When you build a machine learning model, how do you measure how good it is? Oh sure, you’re a maths whizz so you know exactly which algorithms to employ. But it’s surprisingly easy to become emotionally attached to a model and ignore the warnings when it’s cheating on you.

I once worked at a retail bank where we built models that classified customer transactions. Things were complicated by the categories being ambiguous. For instance, was a parking fine to be classified as an “automobile”, “municipal” or “discretionary” cost?

The bank’s own customers could not agree. They allocated their transactions equally to all three. Many payments were even self-classified as “gifts” - possibly somebody paying the fine of their adult child - who knows? As a result, building a model that had laser accuracy was challenging to say the least.

To solve this problem, a data scientist on the team tested his model against his own personal transactions. Since he knew them intimately, he reasoned, he could evaluate his model accurately. And what do you know? The model was a huge success. However, he only had a hundred or so transactions and was ignoring the millions of other customers the bank had.
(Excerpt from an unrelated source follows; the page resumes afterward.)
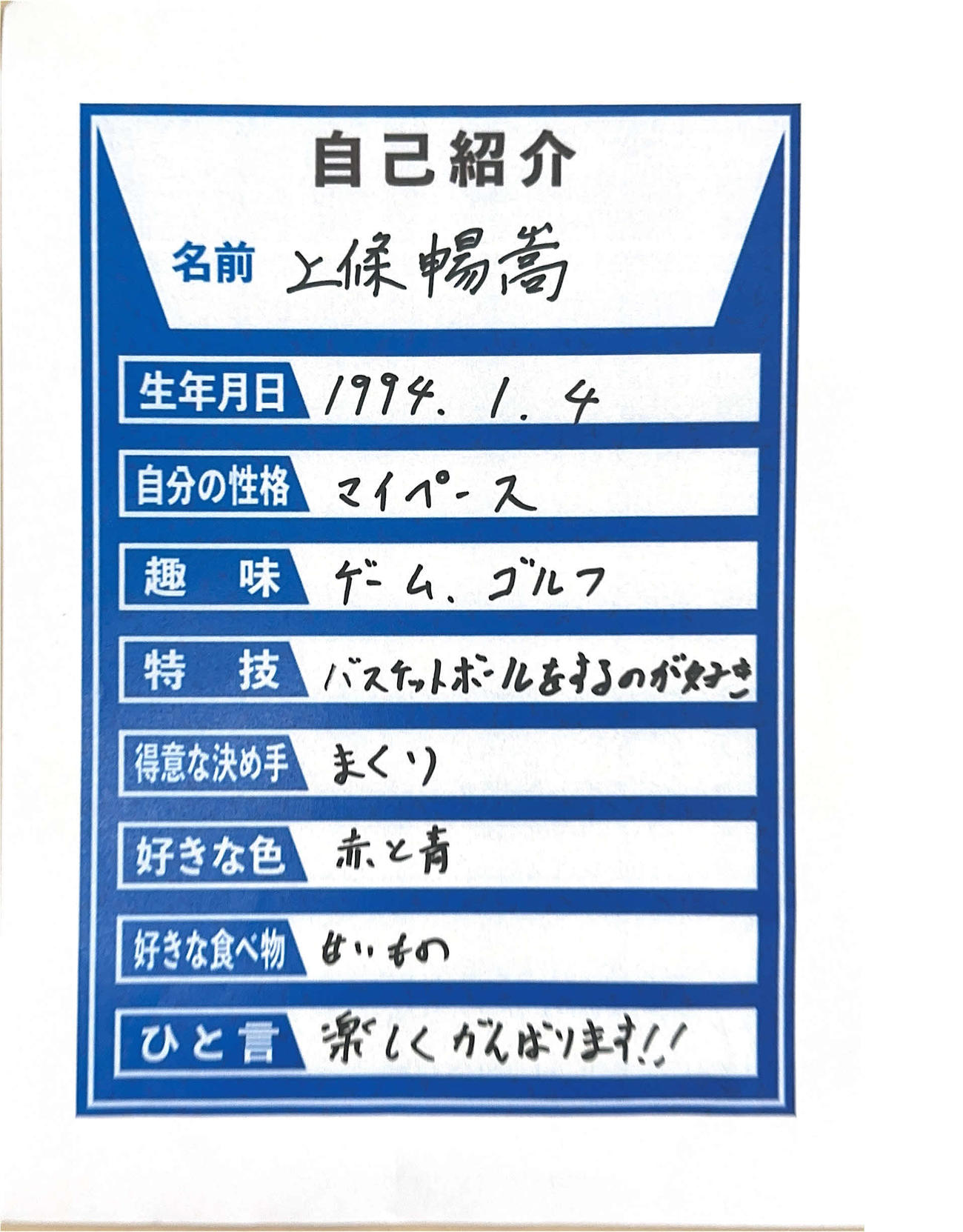 上條暢嵩選手直筆の自己紹介カード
It was the devil’s own work to persuade him that this was not reasonable, that the when his model was tested on millions of other customer’s data, it did not perform quite as well.
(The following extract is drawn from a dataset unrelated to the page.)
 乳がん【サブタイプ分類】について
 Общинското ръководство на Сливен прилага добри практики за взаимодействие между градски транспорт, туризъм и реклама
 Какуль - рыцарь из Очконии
So, agree on what the criteria for success are before you start working on your next model.

Be Honest With Others

There are very few consultants out there telling clients that their idea for a machine learning pipeline is unrealistic. Why should they? That’s not how they make their money.
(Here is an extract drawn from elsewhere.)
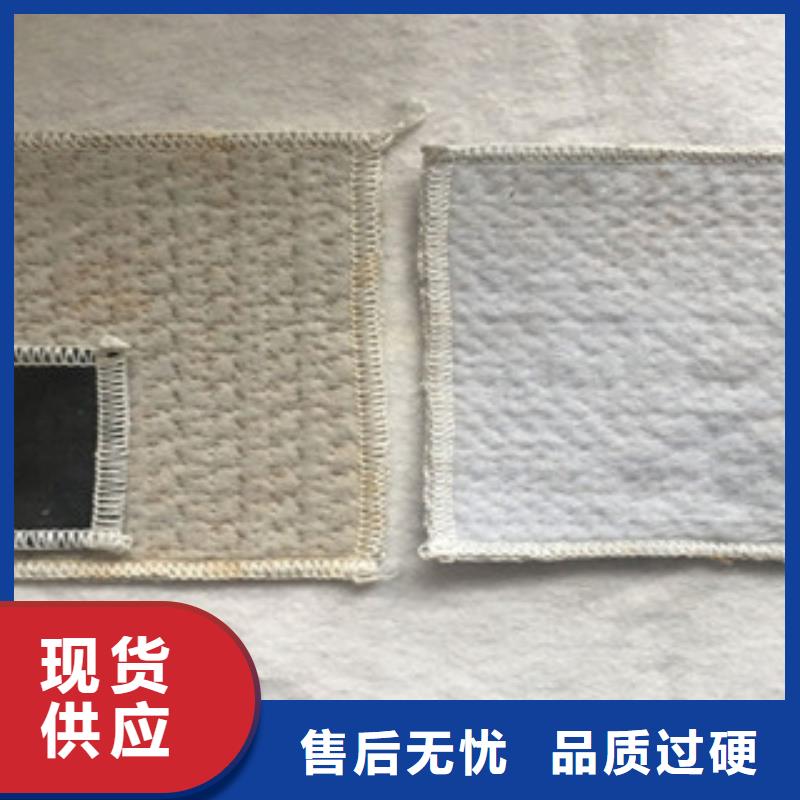 膨润土防水毯塑料排水板价格透明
I’m old enough to have been part of the Dotcom boom in the 90s. Consultants back then were telling their clients that, if they paid them lots of money, they would have a multi billion dollar IPO in no time. Nobody was making any money by being reasonable. That’s how I successfully remained poor during the biggest economic boom in my lifetime.

(“And remember to click like and subscribe for more of my great career advice”).

Similarly, it’s clear that some people today are building internal corporate empires by promising their new team, department or project is going to shake their industry to its foundations. Without success criteria that are agreed up-front, how can they be proved wrong? When there is no strict criteria for truth, charlatans thrive - homeopaths, fortune tellers, economists - you know the types.

What we’re currently experiencing in this industry is Dotcom v2.0. So, be realistic about what can be achieved by an ML project. You’ll sleep better.

“This is my truth, tell me yours.”

Software is binary and generally speaking so are software projects. It either works or it fails. Of course, there is more nuance in the real world but it’s generally clear when something is wrong.

Machine learning is more subtle. If the bank’s customers themselves don’t know how to classify their own transactions as mentioned above, how can your machine learning pipeline?

The ancient Greeks knew how you can fall in love with your own work. They gave us the story of Pygmalion who fell in love with the sculpture he created. So, fall in love with your models if you like. But like all love, set boundaries.